● Exercise brief
Would you please set down the data again exactly as given, excluding the pictures?

● Given information
——

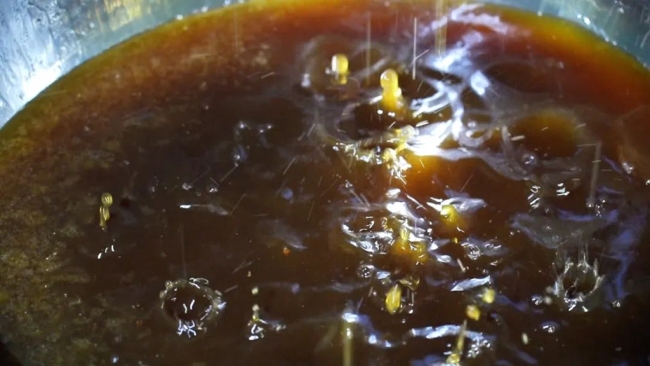 陕西横山：坚守传统工艺 酿造健康好醋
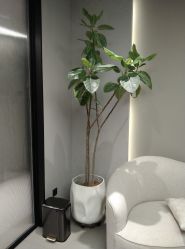 -颜蕾医美·黄金微针·水光·玻尿酸·超声炮·抗衰中心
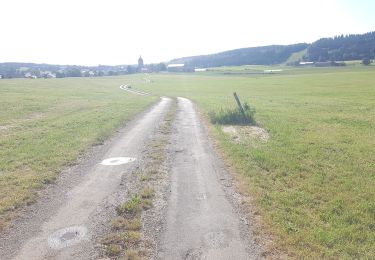 Tocht Stappen La Cluse-et-Mijoux - la chapelle - les fours  - Photo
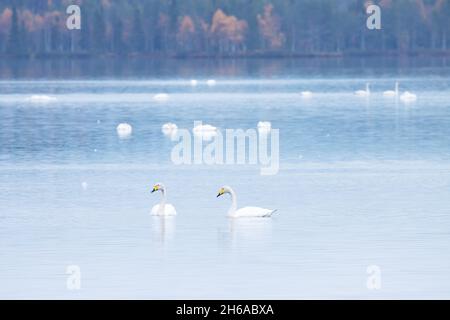 Une paire d'élégants cygnes Whooper, Cygnus cygnus nageant sur un lac calme pendant une migration d'automne. Tourné près de Kuusamo, dans le nord de la Finlande. Banque D'Images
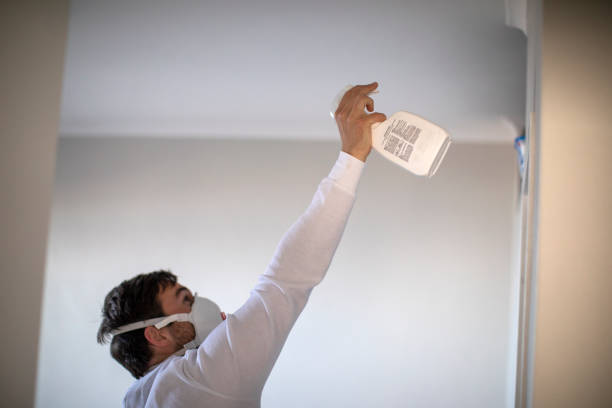 Best Residential Mold Remediation in Grantsville, UT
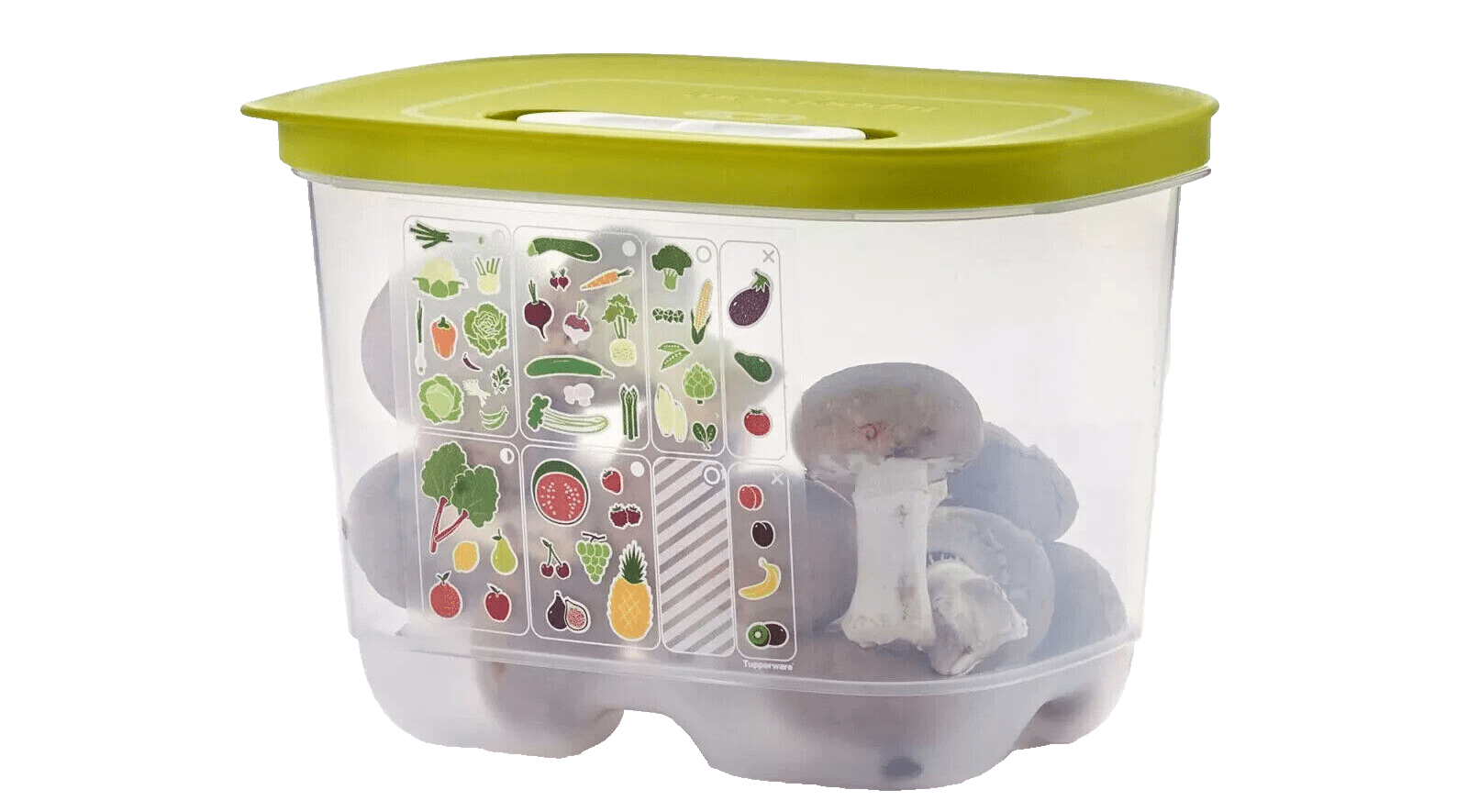 tupperware aufbewahrung gemüse KlimaOase 1,8 L – DerTupperonkel.de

——

● Response box
 陕西横山：坚守传统工艺 酿造健康好醋
 -颜蕾医美·黄金微针·水光·玻尿酸·超声炮·抗衰中心
 Tocht Stappen La Cluse-et-Mijoux - la chapelle - les fours  - Photo
 Une paire d'élégants cygnes Whooper, Cygnus cygnus nageant sur un lac calme pendant une migration d'automne. Tourné près de Kuusamo, dans le nord de la Finlande. Banque D'Images
 Best Residential Mold Remediation in Grantsville, UT
 tupperware aufbewahrung gemüse KlimaOase 1,8 L – DerTupperonkel.de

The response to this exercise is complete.